**MATERIAL PROVIDED**:
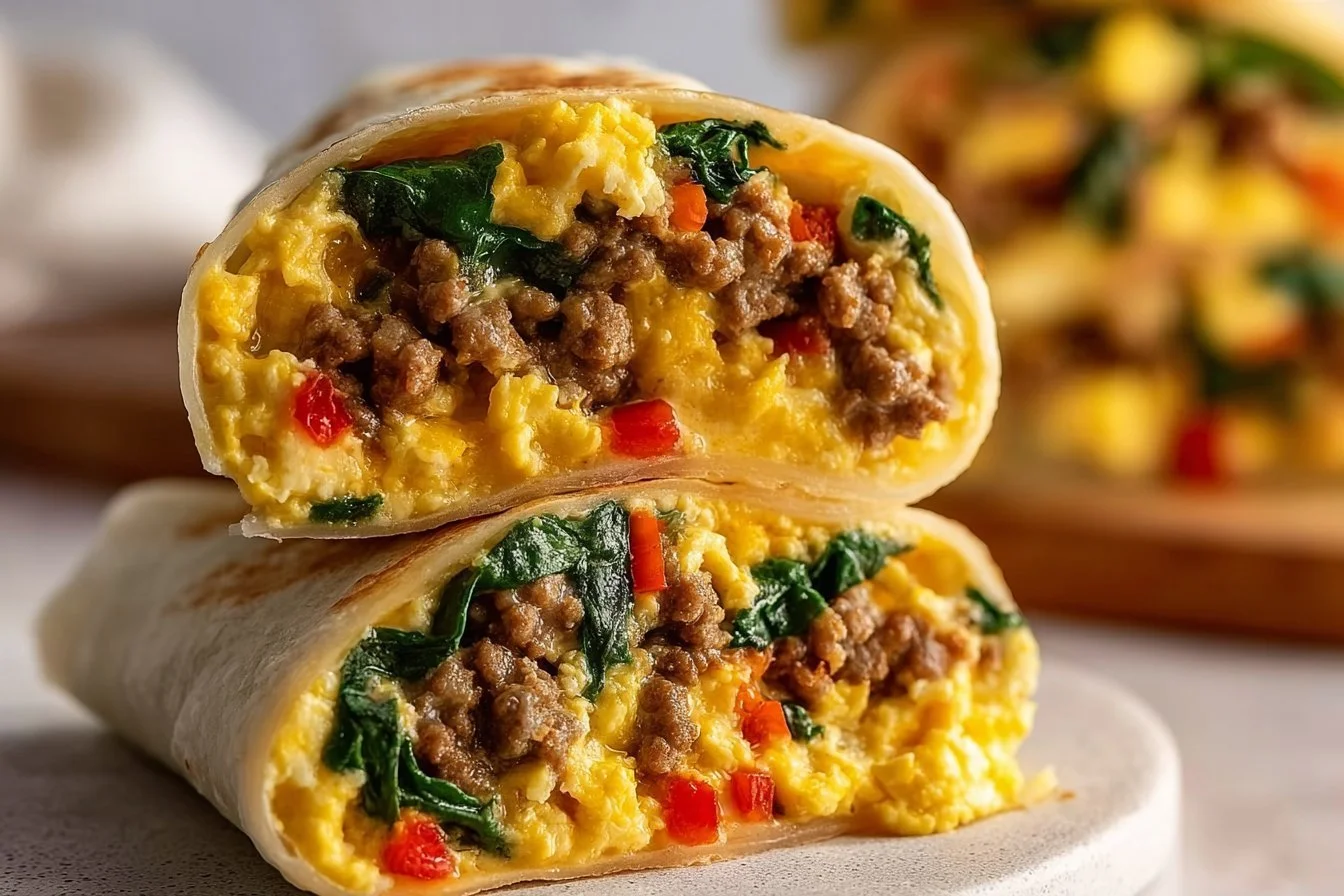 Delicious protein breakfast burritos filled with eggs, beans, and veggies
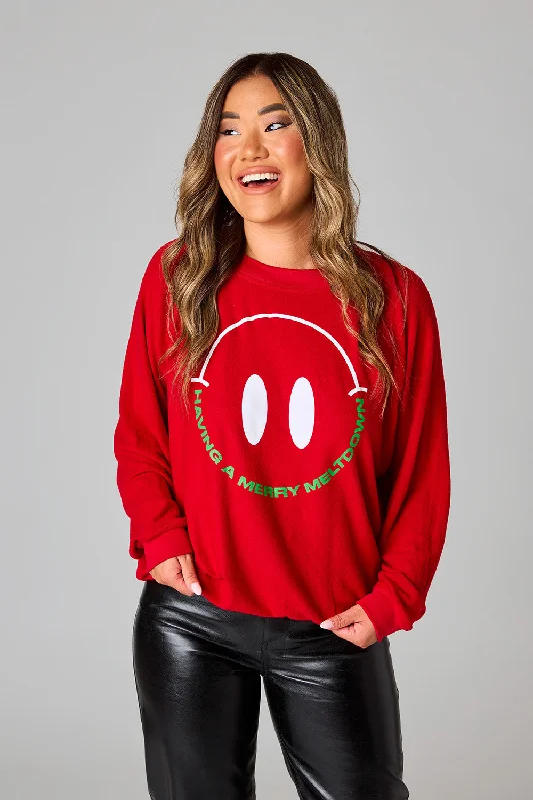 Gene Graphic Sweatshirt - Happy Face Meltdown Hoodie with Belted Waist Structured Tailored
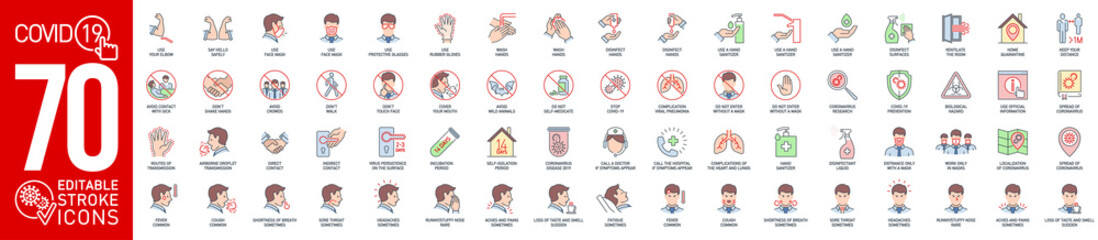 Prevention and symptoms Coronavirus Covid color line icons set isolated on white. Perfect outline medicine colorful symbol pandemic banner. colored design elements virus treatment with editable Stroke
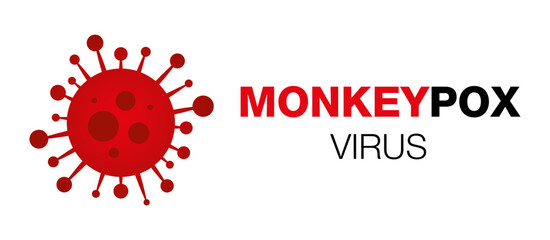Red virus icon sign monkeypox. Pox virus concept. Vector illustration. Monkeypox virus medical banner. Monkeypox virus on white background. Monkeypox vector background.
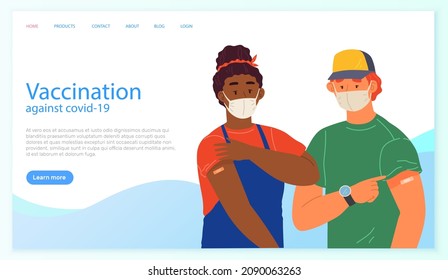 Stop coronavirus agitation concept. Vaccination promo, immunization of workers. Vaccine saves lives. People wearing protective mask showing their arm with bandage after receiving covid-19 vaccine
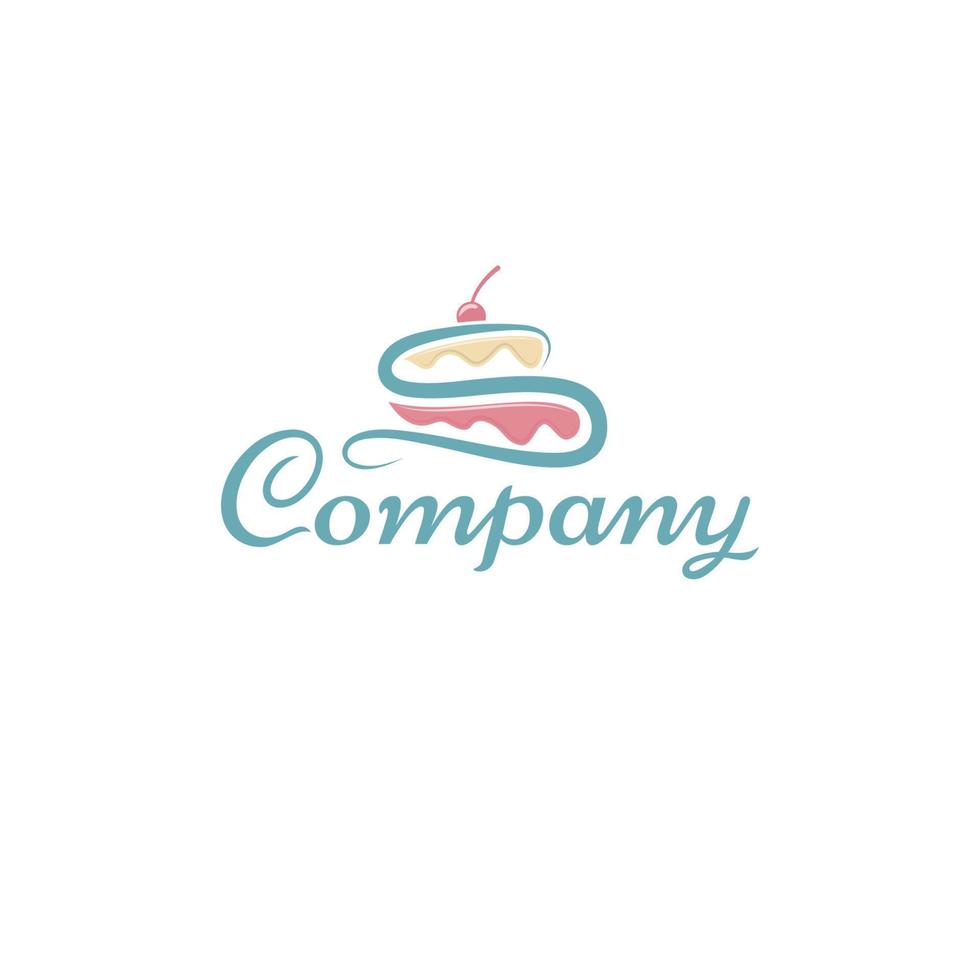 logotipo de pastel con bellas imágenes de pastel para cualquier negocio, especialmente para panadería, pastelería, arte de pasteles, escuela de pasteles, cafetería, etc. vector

---

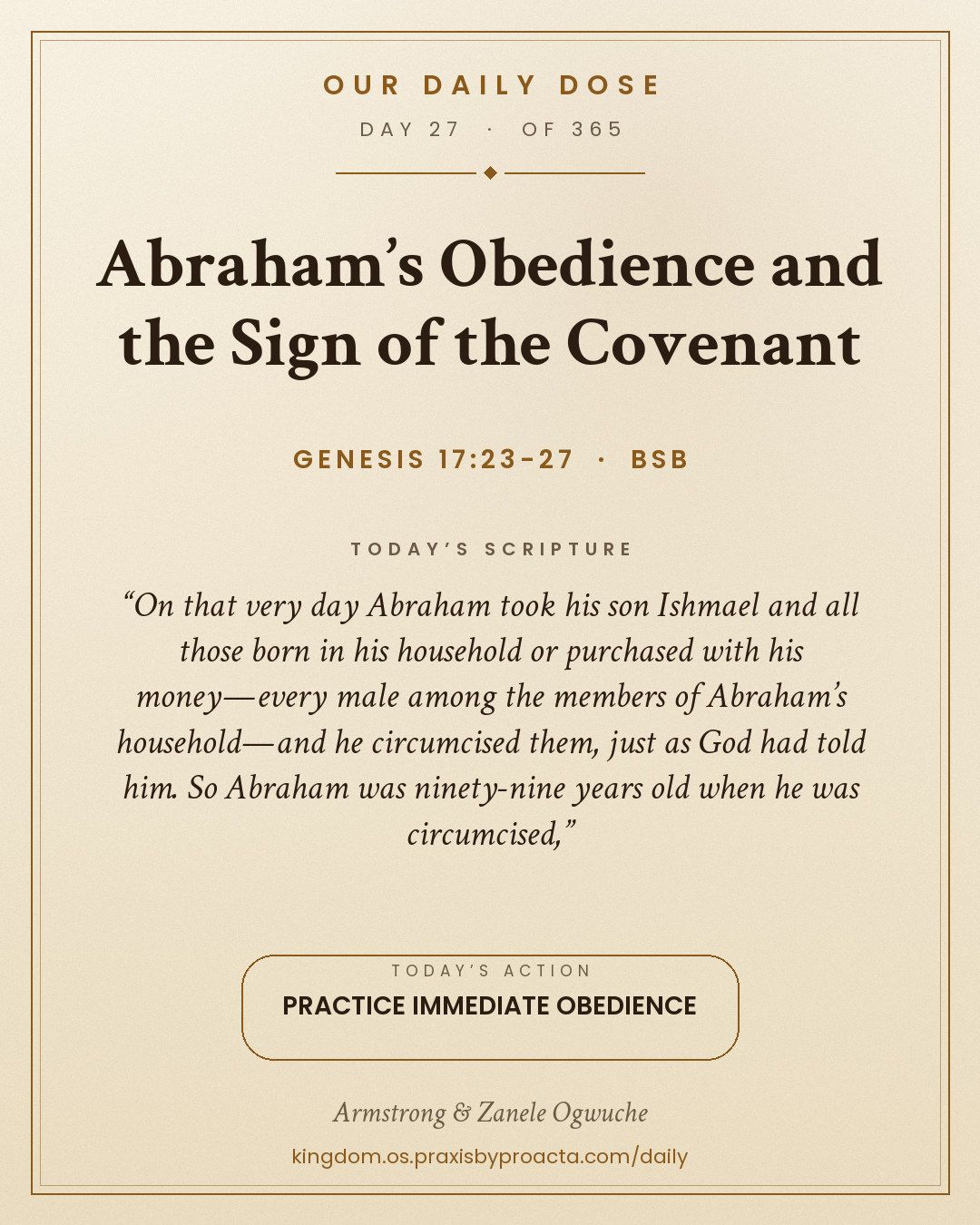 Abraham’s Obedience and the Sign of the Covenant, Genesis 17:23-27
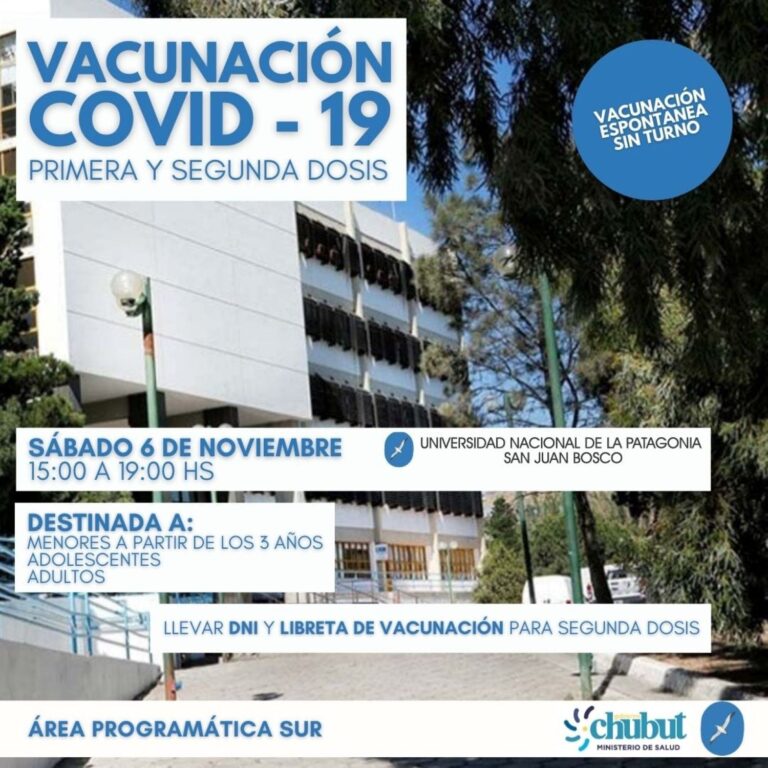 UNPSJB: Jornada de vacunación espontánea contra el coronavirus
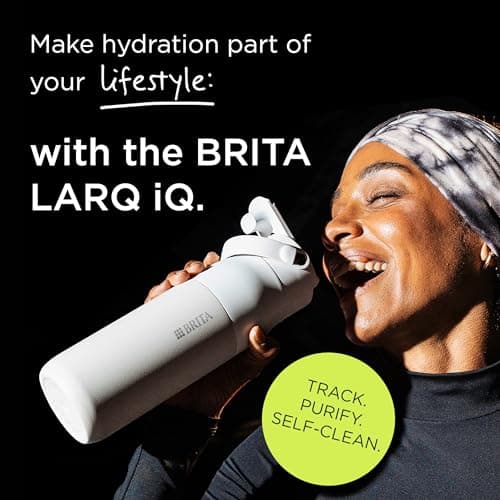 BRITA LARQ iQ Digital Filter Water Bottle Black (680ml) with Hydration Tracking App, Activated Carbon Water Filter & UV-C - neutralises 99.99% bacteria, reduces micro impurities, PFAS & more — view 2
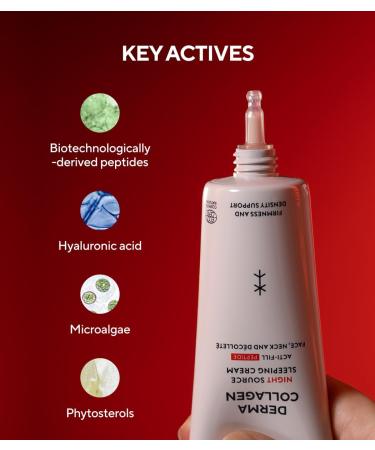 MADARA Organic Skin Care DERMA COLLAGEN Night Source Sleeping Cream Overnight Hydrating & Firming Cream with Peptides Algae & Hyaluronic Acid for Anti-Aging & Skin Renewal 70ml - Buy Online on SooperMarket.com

==

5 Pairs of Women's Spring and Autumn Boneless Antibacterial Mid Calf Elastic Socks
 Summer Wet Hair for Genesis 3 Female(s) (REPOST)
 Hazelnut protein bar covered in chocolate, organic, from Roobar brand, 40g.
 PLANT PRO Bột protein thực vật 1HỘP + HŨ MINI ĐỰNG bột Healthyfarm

**HOW TO COMPLETE THIS TASK**: Pictures excluded, transcribe the listing above exactly from the line with "Delicious protein breakfast" through the line with "logotipo de pastel", and no further.

**ANSWER**:
 Delicious protein breakfast burritos filled with eggs, beans, and veggies
 Gene Graphic Sweatshirt - Happy Face Meltdown Hoodie with Belted Waist Structured Tailored
 Prevention and symptoms Coronavirus Covid color line icons set isolated on white. Perfect outline medicine colorful symbol pandemic banner. colored design elements virus treatment with editable Stroke
Red virus icon sign monkeypox. Pox virus concept. Vector illustration. Monkeypox virus medical banner. Monkeypox virus on white background. Monkeypox vector background.
 Stop coronavirus agitation concept. Vaccination promo, immunization of workers. Vaccine saves lives. People wearing protective mask showing their arm with bandage after receiving covid-19 vaccine
 logotipo de pastel con bellas imágenes de pastel para cualquier negocio, especialmente para panadería, pastelería, arte de pasteles, escuela de pasteles, cafetería, etc. vector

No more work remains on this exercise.